#### Task goal
Word for word, copy the lines from the one with "Hi everyone, this" to the last line of the data below, counting both, and keep every picture out.

Stored data:
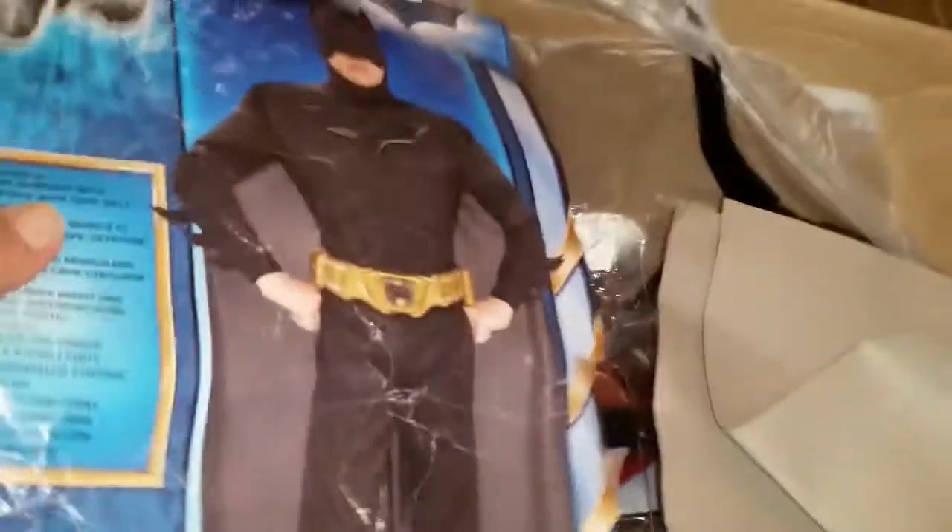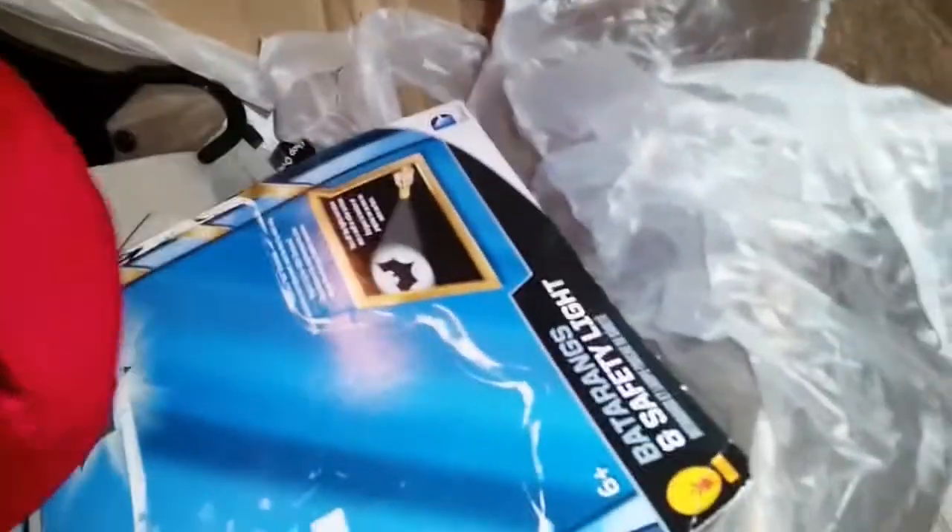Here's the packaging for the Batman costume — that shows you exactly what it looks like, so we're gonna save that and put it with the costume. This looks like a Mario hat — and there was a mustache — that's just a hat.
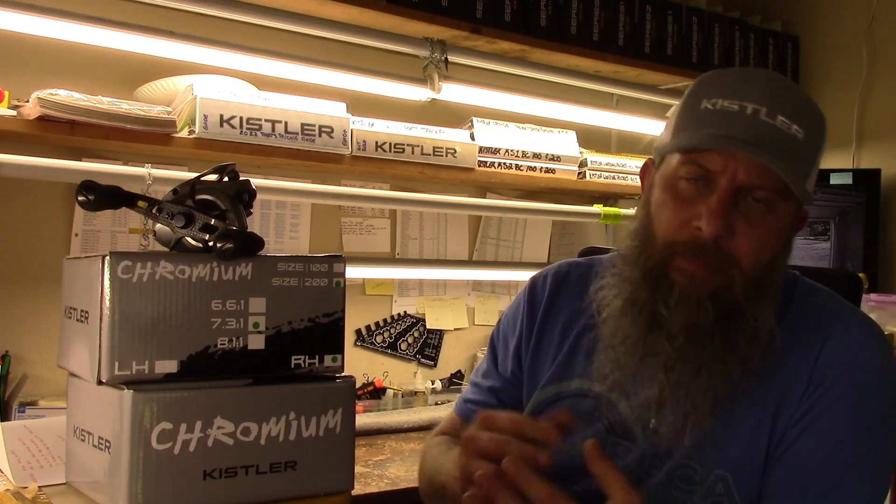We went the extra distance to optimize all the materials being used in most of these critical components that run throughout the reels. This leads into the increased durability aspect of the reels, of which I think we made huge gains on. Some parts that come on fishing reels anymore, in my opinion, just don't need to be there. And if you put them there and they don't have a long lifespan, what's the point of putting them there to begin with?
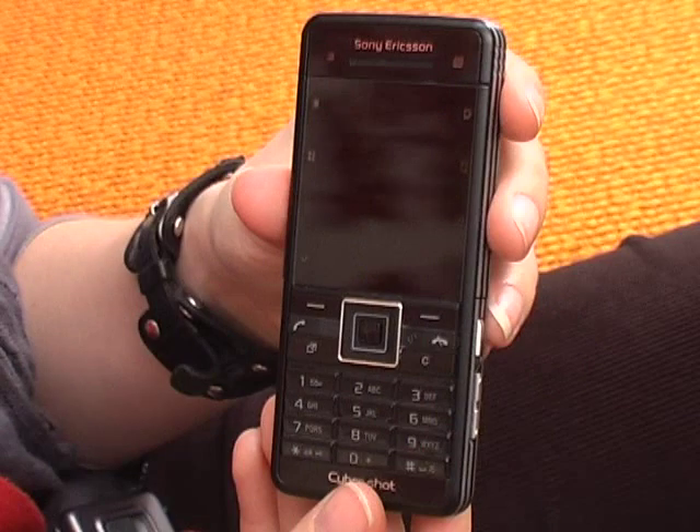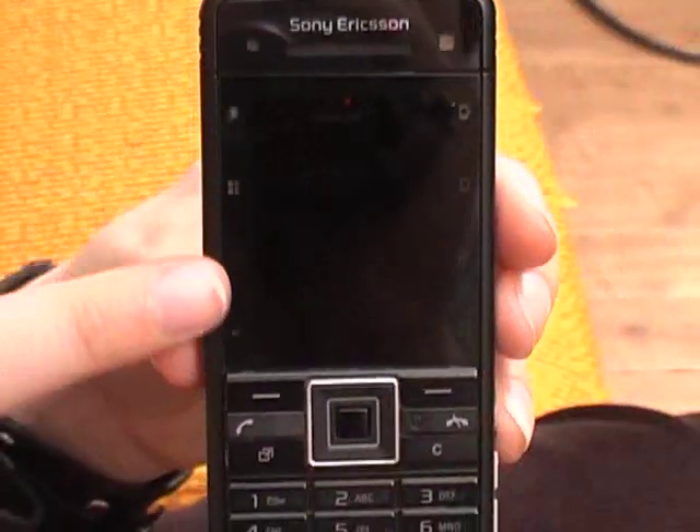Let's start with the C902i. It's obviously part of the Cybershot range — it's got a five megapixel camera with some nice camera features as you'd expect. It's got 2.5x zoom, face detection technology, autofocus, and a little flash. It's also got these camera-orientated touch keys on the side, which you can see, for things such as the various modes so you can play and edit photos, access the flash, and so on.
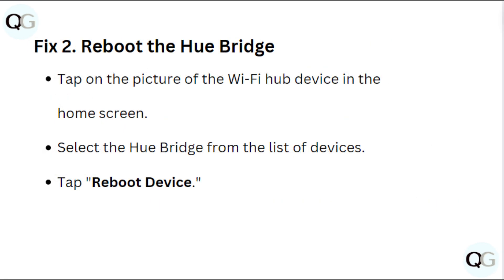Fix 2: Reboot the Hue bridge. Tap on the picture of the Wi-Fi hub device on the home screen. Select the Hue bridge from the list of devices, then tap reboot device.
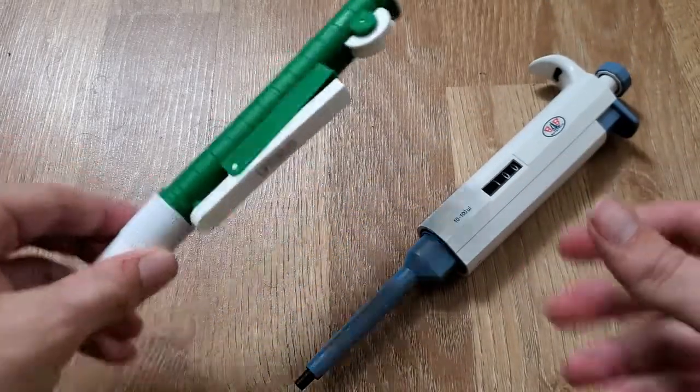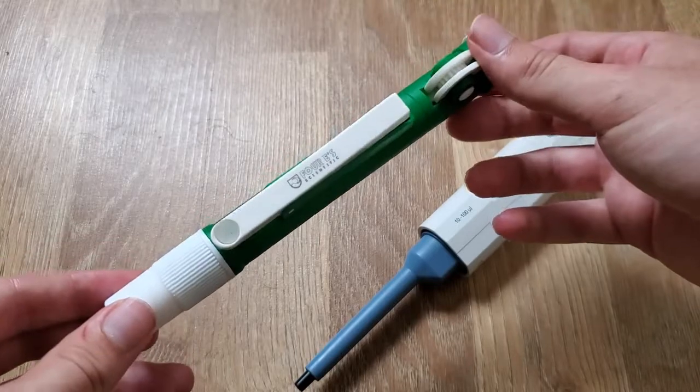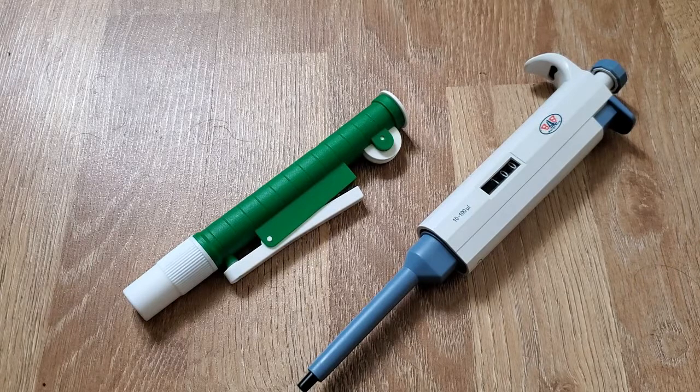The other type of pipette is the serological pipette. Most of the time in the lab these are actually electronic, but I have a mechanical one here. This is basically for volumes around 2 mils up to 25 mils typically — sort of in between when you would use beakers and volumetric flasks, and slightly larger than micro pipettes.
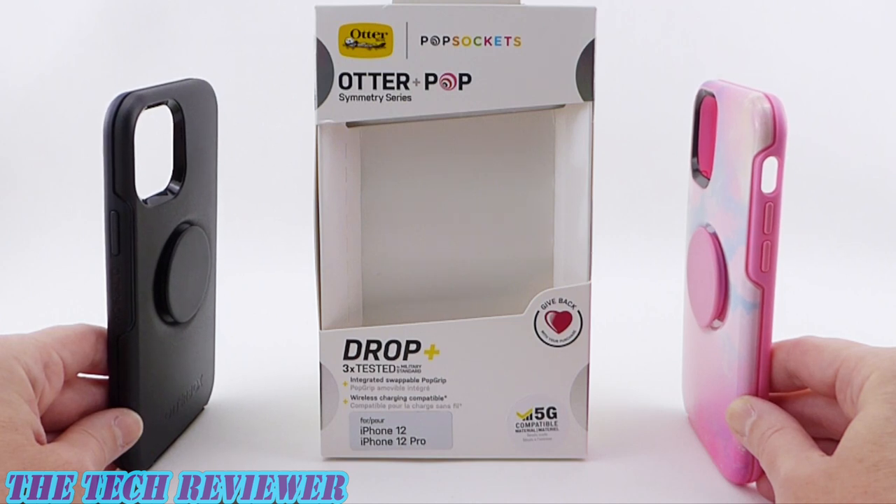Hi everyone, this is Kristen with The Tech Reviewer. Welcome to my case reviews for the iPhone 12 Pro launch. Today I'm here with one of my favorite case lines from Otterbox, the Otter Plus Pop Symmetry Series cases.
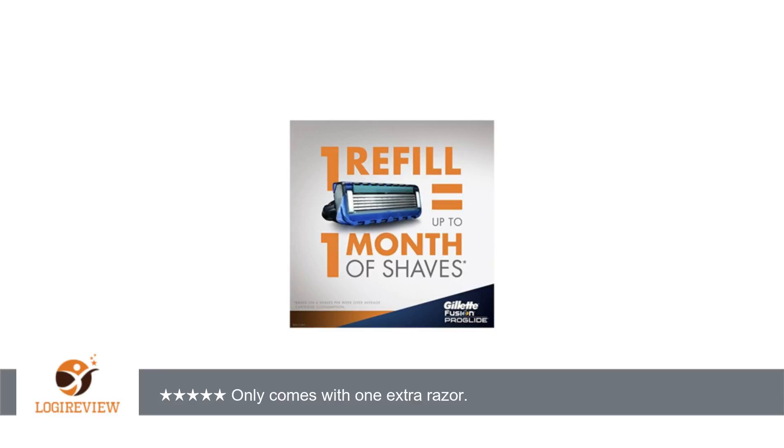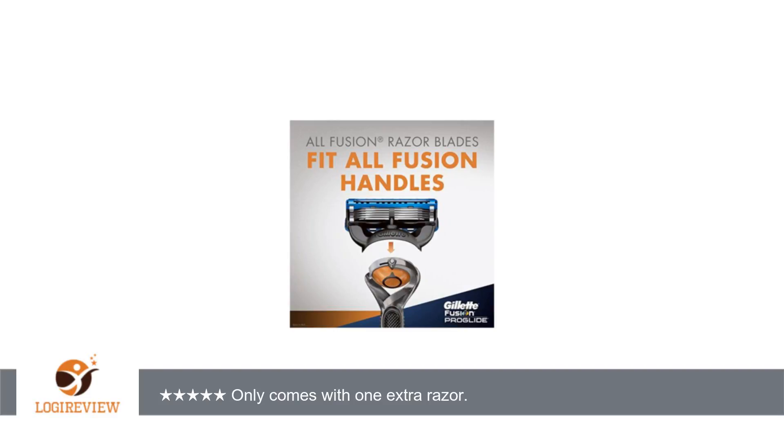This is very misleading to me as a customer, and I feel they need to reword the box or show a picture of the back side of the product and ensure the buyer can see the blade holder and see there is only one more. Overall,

#### Response below
Hi everyone, this is Kristen with The Tech Reviewer. Welcome to my case reviews for the iPhone 12 Pro launch. Today I'm here with one of my favorite case lines from Otterbox, the Otter Plus Pop Symmetry Series cases.
This is very misleading to me as a customer, and I feel they need to reword the box or show a picture of the back side of the product and ensure the buyer can see the blade holder and see there is only one more. Overall,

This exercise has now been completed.